La città di Mostar, i suoi tuffatori ed un ponte fanno da vero e proprio spartiacque generazionale di una comunità che cerca di andare avanti e dimenticare la guerra. In concorso nella sezione Italiana.doc, Daniele Babbo compie con I Tuffatori il suo esordio alla regia muovendosi silenzioso nel cuore della Bosnia accompagnato dalle voci e dai ricordi di Igor, Denis, Miro, Edy e Goran. Volti e corpi che con i loro salti nel vuoto ammaliano i turisti, mascherando allo stesso tempo le paure di un futuro incerto.
La narrazione del regista, costruita a partire da un’attenta messa in scena, si muove attraverso i leitmotiv visivi e metaforici dei tuffi e del ponte. Babbo rende chiare le sue intenzioni fin dal principio: le prime inquadrature sono le uniche veramente panoramiche di tutto il film, perché poi la meraviglia di Mostar (patrimonio UNESCO dal 2005) fungerà da contenitore per le storie e le vite degli uomini che si presteranno a esporle. Da un lato viene prediletta la modalità osservativa, che mostra il racconto per come si svolge di fronte alla cinepresa senza ricorrere a voci narranti; dall’altro vi è la componente partecipativa, frutto di una vicenda vissuta in prima persona dall’autore che prende per mano lo spettatore, guidandolo in un viaggio di cinque anni perfettamente raccordato da un fotogramma all’altro.

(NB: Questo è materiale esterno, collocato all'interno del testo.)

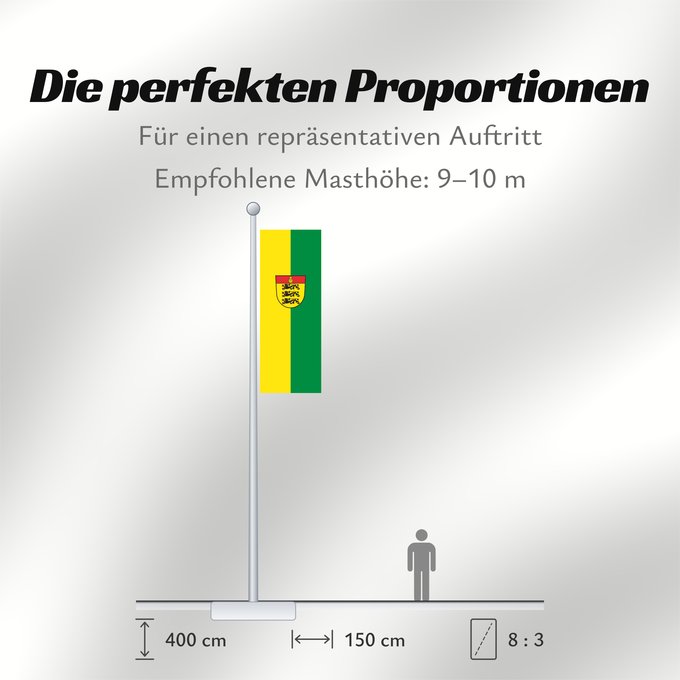 Proportionen der Flagge: Waldburg (Württembergisches Allgäu Oberschwaben)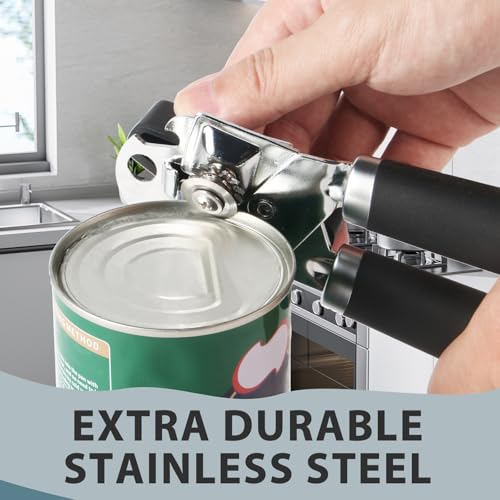 Safring Can Opener Manual, Heavy Duty Handheld Strong Can Opener with Soft Touch Handle, Sharp Blade Smooth Edge, Can Openers with Multifunctional Bottle Opener, Black - Thumbnail 4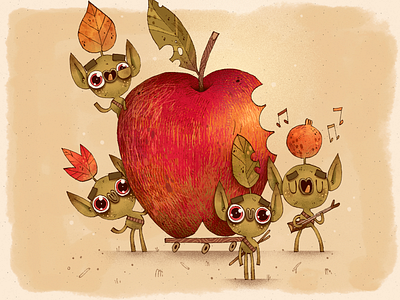 Apple Elves apple art artwork character character design children illustration design elf elves fantasy handmade illustration music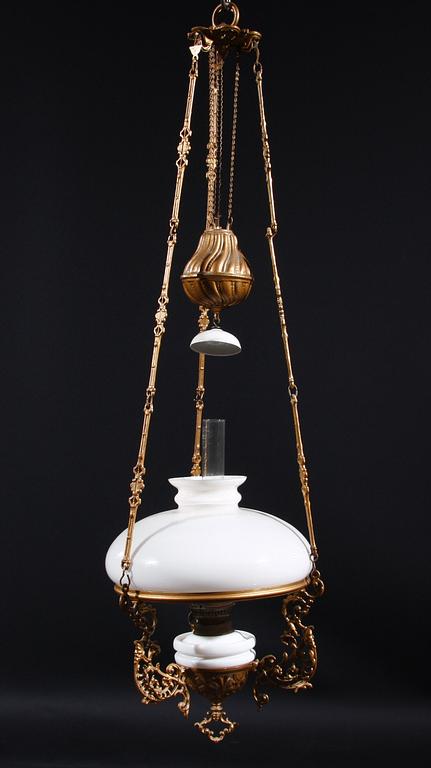 TAKFOTOGENLAMPA, glas och metall, nyrenässans, sent 1800-tal. H min 105.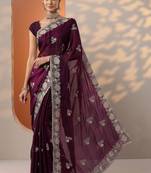 burgundy embroidered organza saree with unstitched blouse piece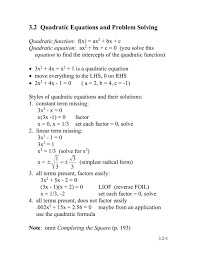 3 2 Quadratic Equations And Problem Solving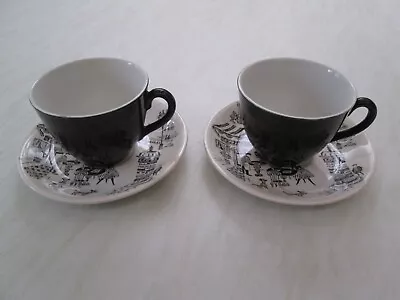 Buy Ridgway / Alfred Meakin Black Cups And Saucers In The Parisienne Design X 2 • 16.50£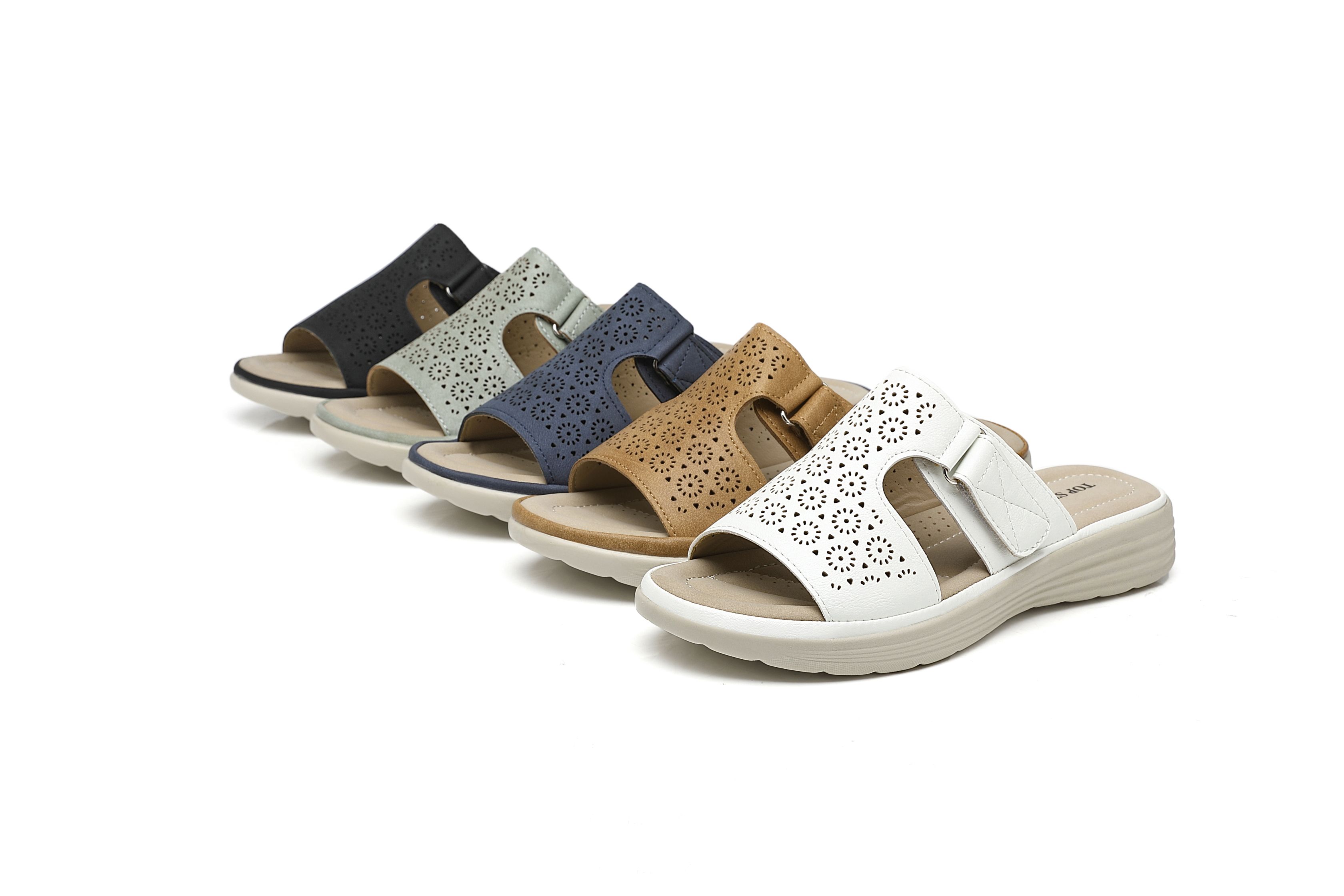 Ivachy Bohemian Style Perforated Lightweight Mule Slippers Slide Sandals In White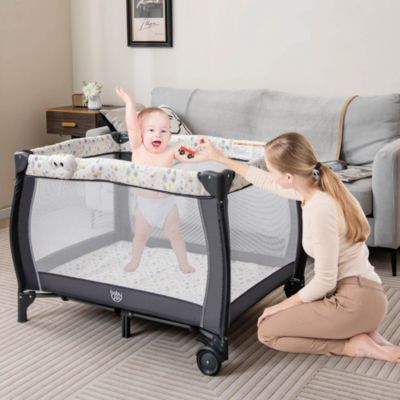 Kids Portable Playard Nursery Center Crib with Hanging Toys & Music Box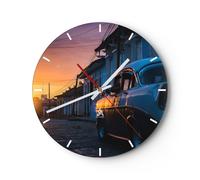 Horloge murale en verre 30x30cm Silencieuse rue voiture maison Wall Clock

Non sono infatti tanto le voci dei tuffatori a raccontare una storia, quanto i dettagli su cui indugia lo sguardo del regista: le ferite sui corpi dei performer diventano presto il corrispettivo delle cicatrici della città, martoriata dalla tragedia della Guerra dei Balcani che poco più di vent’anni prima spezzava il futuro di un’intera generazione. La stessa che ora, nel 2020, in un Paese a due passi dall’Italia, si trova a cercare lavoro all’estero e vivere lontano dalla famiglia.
Sul solco del ponte olandese raccontato agli albori da Joris Ivens (De Brug, 1928), quasi cent’anni dopo Babbo utilizza un’altra struttura per raccontare un cambiamento in atto. Stavolta non c’è una costruzione, ma una distruzione: il ponte vecchio, simbolo della Jugoslavia, è sostituito dal ponte nuovo, simbolo di una politica pronta solo a sfruttare il suo popolo. Lo sguardo è malinconico, ma non negativo. Perché anche il nuovo ponte, con il tempo, diverrà a sua volta vecchio e capace di diventare simbolo di un ritrovato senso di appartenenza della gente di Mostar.